Mobility Co-Creation—from the U.S. DOT
In the past decade I have seen a lot of thinking on how to better develop new mobility products and services. While you might expect the most impressive innovation to come from a leading automobile manufacturer, I’ll surprise you: one of the boldest new approaches comes from the United States Department of Transportation (U.S. DOT). The concept is called the “Digital Transportation Exchange” (DTE; transportation.gov/open/DTE), and while it has struggled to launch, it’s poised to become an important blueprint on how we develop urban mobility systems in the future.
The U.S. DOT’s website states: “The Digital Transportation Exchange (DTE) concept will connect citizens and businesses, state and local governments, entrepreneurs, researchers and investors through a public-private partnership like never before—creating a thriving marketplace for multi-modal transportation solutions.”
Rather than industry, governments, entrepreneurs, investors and academia all working in their separate “silos” developing their own slice of the mobility future, DTE proposes to bring everyone together in a new “LinkedIn-style” portal dedicated to transportation. In fact, the concept goes further, by proposing to include a multitude of consumers directly in this new transportation design “engine” as well.

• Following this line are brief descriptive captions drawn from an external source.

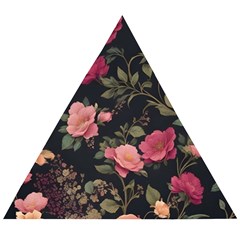 Flower Pattern Wooden Puzzle Triangle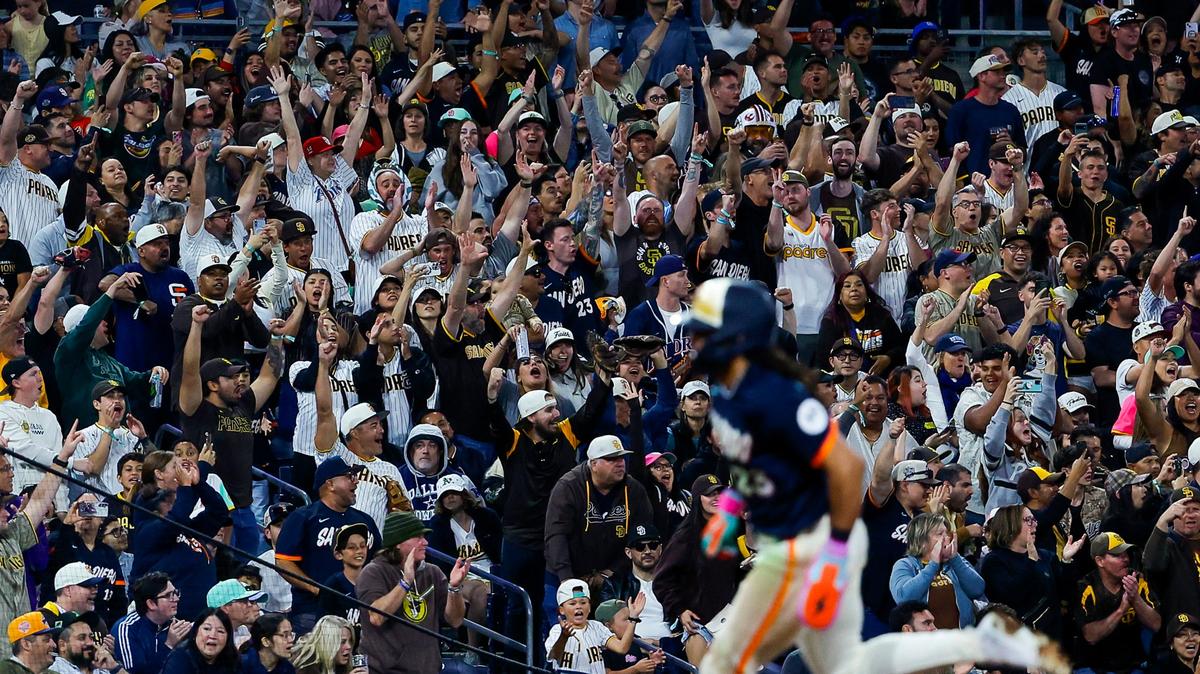 San Diego Padres fans celebrate as Fernando Tatis Jr. rounds the bases during the eighth inning against the Sacramento Athletics at Petco Park in late May. (Meg McLaughlin / The San Diego Union-Tribune)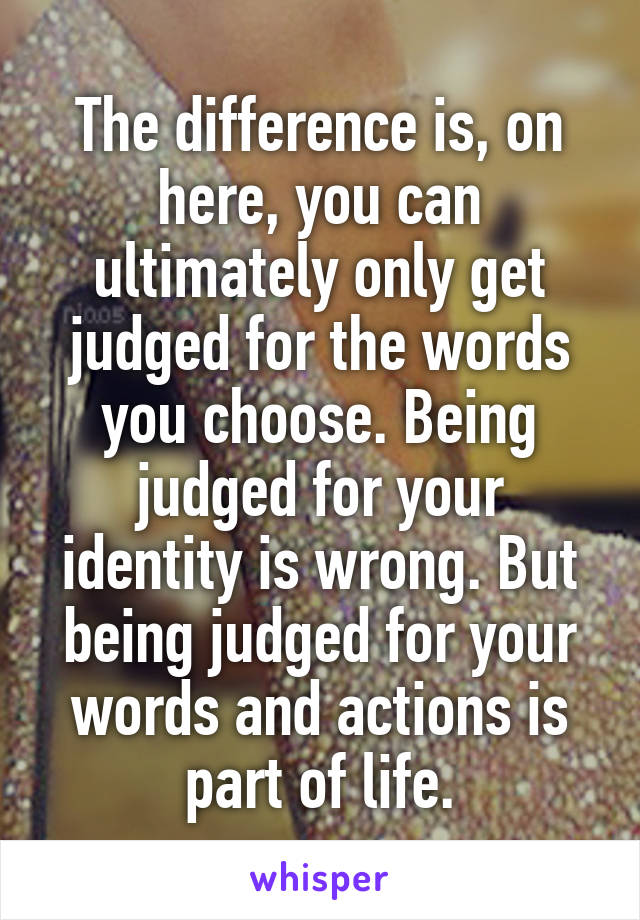 The difference is, on here, you can ultimately only get judged for the words you choose. Being judged for your identity is wrong. But being judged for your words and actions is part of life.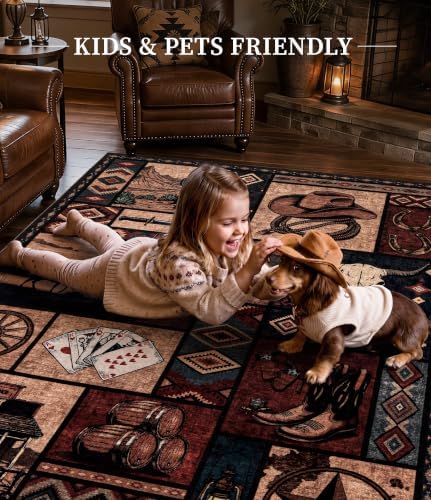 YIHOUSE 8x10 Western Cowboy Area Rugs for Living Room - Image 4
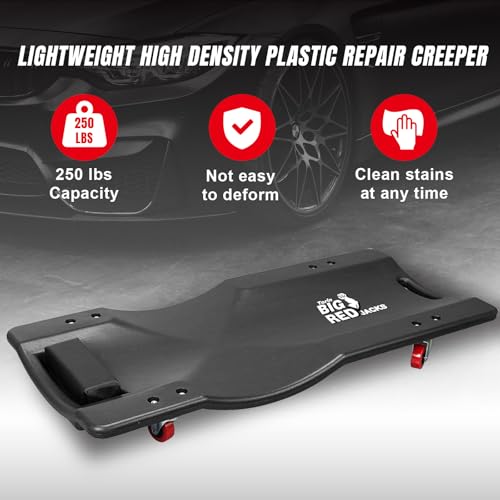 Big RED Torin 36" Rolling Garage Creeper, Shop Creeper Blow Molded Plastic Mechanic Cart with Padded Headrest with 4 Casters, 250 LBS, Black - style: Plastic Creeper-36inch-Black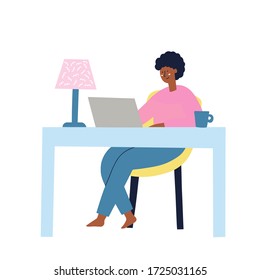 Girl sitting at the table working on the laptop. Freelance, work at home concept. HAnd drawn vector illustration.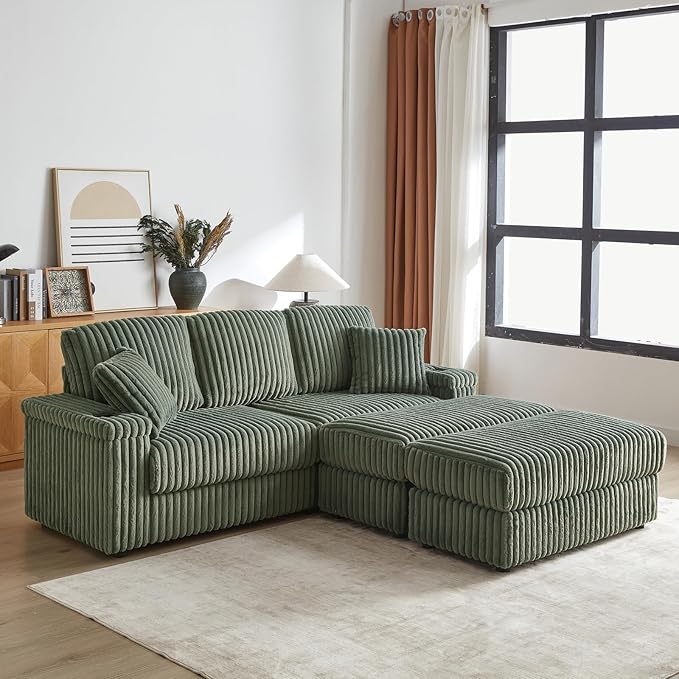 84 Cloud Sectional Couch Plush Corduroy Sofa with 2 Ottoman 2storage Spaces and Cup-Holding 3-Seat Memory Foam Cloud Couch sectional couches for Living Room Apartment (Army Green)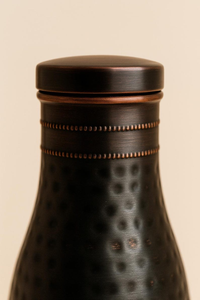 Hammered Black <b>Copper</b> <b>Water</b> <b>Bottle</b> Ayurvedic Wellness Drinkware Eco Friendly Handmade Traditional Reusable Hydration <b>Bottle</b> - Product Image 4
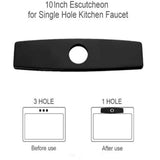 Sink cover plate, Stainless steel material, 10 Inch Sink Deck Plate, stainless steel construction, Matte Black Finish In Australia - Darrahopens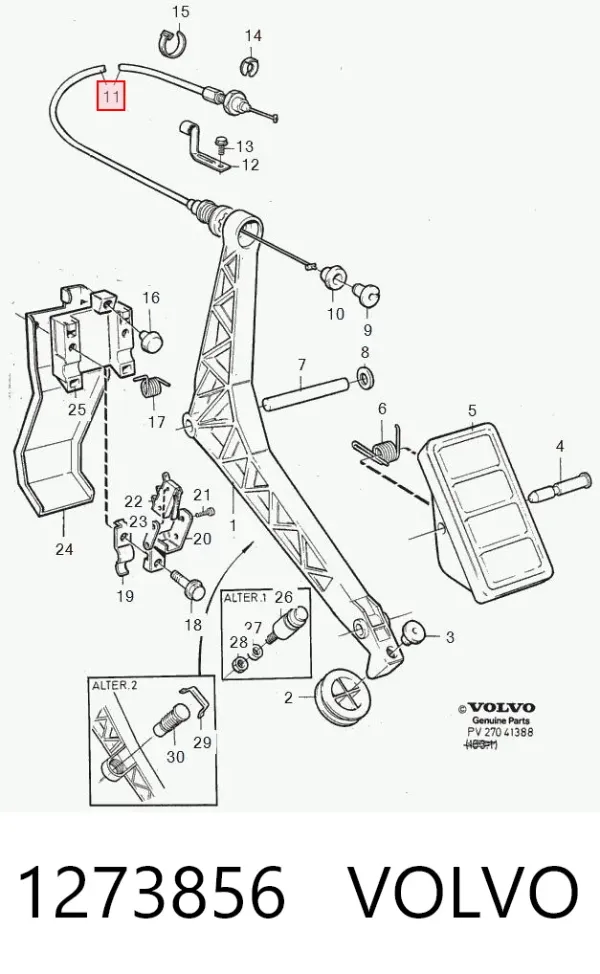 Трос газа 1273856 Volvo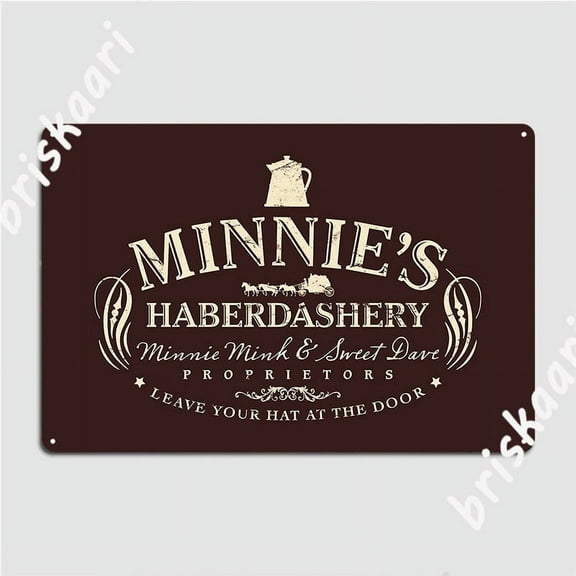 The Hateful Eight Minnie's Haberdashery Metal Plaque Poster Wall Cave Party Designing Plates Tin Sign Posters Size: 16 x 12 Inches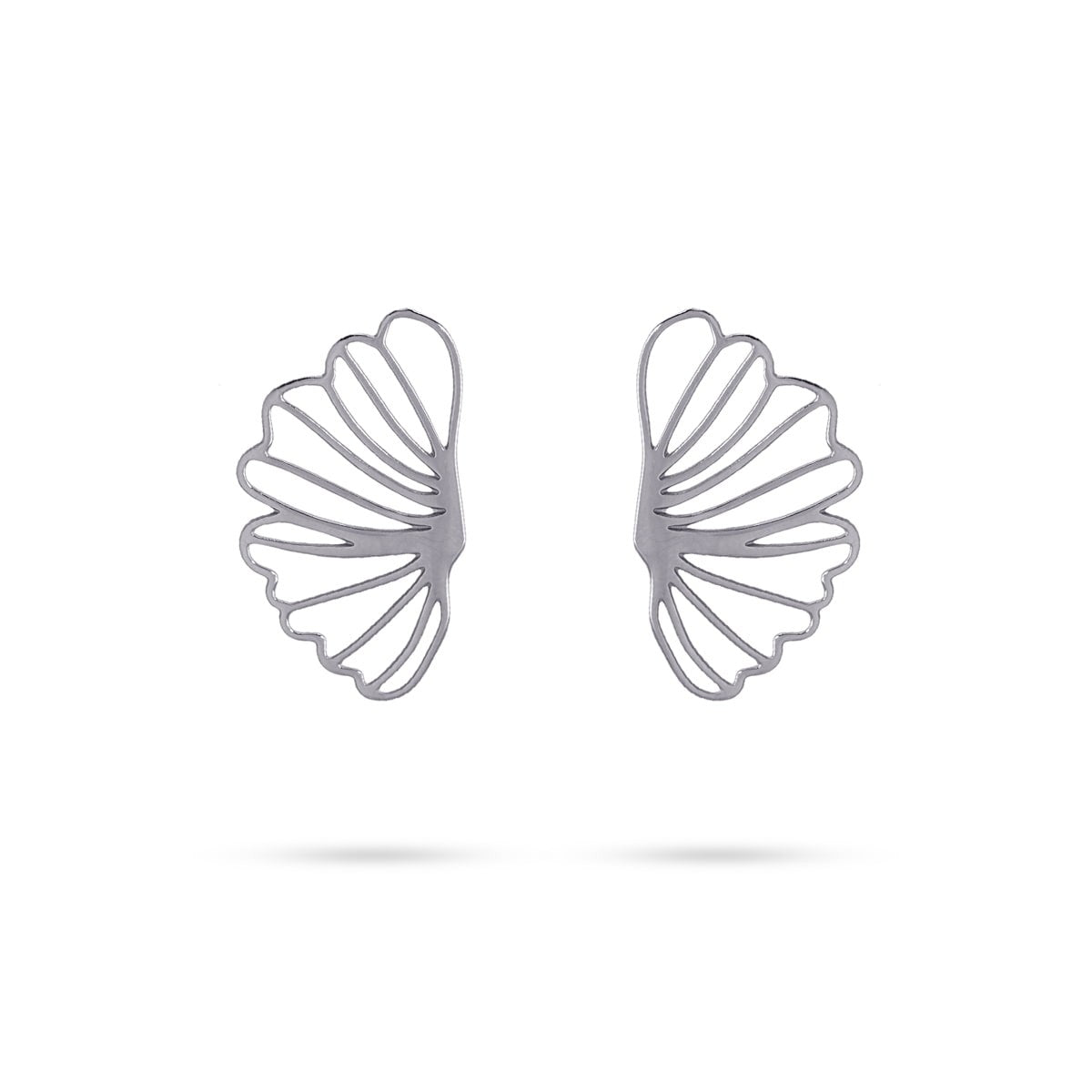 pendientes pegados acero corte láser flor anartxy plateado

“Co-creation” offers to be an essential way we design the mobility future, when 3D printing and new technologies allow U.S. to create custom new mobility solutions for smaller more targeted (city or regional) markets. Realizing the DTE concept will be challenging, and require an all-new way for companies and government to do business. There are many questions to be answered about this new collaborative mobility design and development model, about how it works and what it can achieve.
Nitin Pradhan conceived of the DTE concept while serving as the Chief Information Officer for the U.S. DOT. I applaud his vision and his ability to get the U.S. DOT to begin thinking about a new approach to mobility innovation in the United States.
Please do not write off the DTE concept because it has yet to be realized. It’s a powerful idea and we should be discussing how to help the idea get traction. Re-inventing global surface mobility is an enormous. undertaking. I don’t know of any company that has a new transportation system for a city in their portfolio. There is a lot to learn from the DTE, even as an undeveloped concept.
In 1999, I read a very interesting article by highly innovative “design-mind” John Thackara, who has served as the director of the Netherlands Design Institute and creator of the Doors of Perception conferences. In the article, John explained how the (product or car) designer in the future would become more of a “facilitator”, connected to a multitude of consumer-collaborators. He felt the Internet allowed for major companies to create new meaningful relationships with their customers and better create solutions that met their needs—and it’s now turning out he was correct.
The same year Thackara was making these predictions, I met with the digital leader at Ford focusing on their customers. He said Ford had 50-million email addresses to their customers around the world. When I heard this, I immediately began to dream about creating a new type of “design show” to interact with this massive audience, and together with interested customers, begin to conceive of new products and services that best met their needs—all together.
I am not sure how the U.S. DOT’s Digital Transportation Exchange is going to get traction, but I am certain this concept, or something like it, will become how we innovate new vehicle/mobility solutions in our future. Pradhan and the U.S. DOT should be very proud of their terrific idea.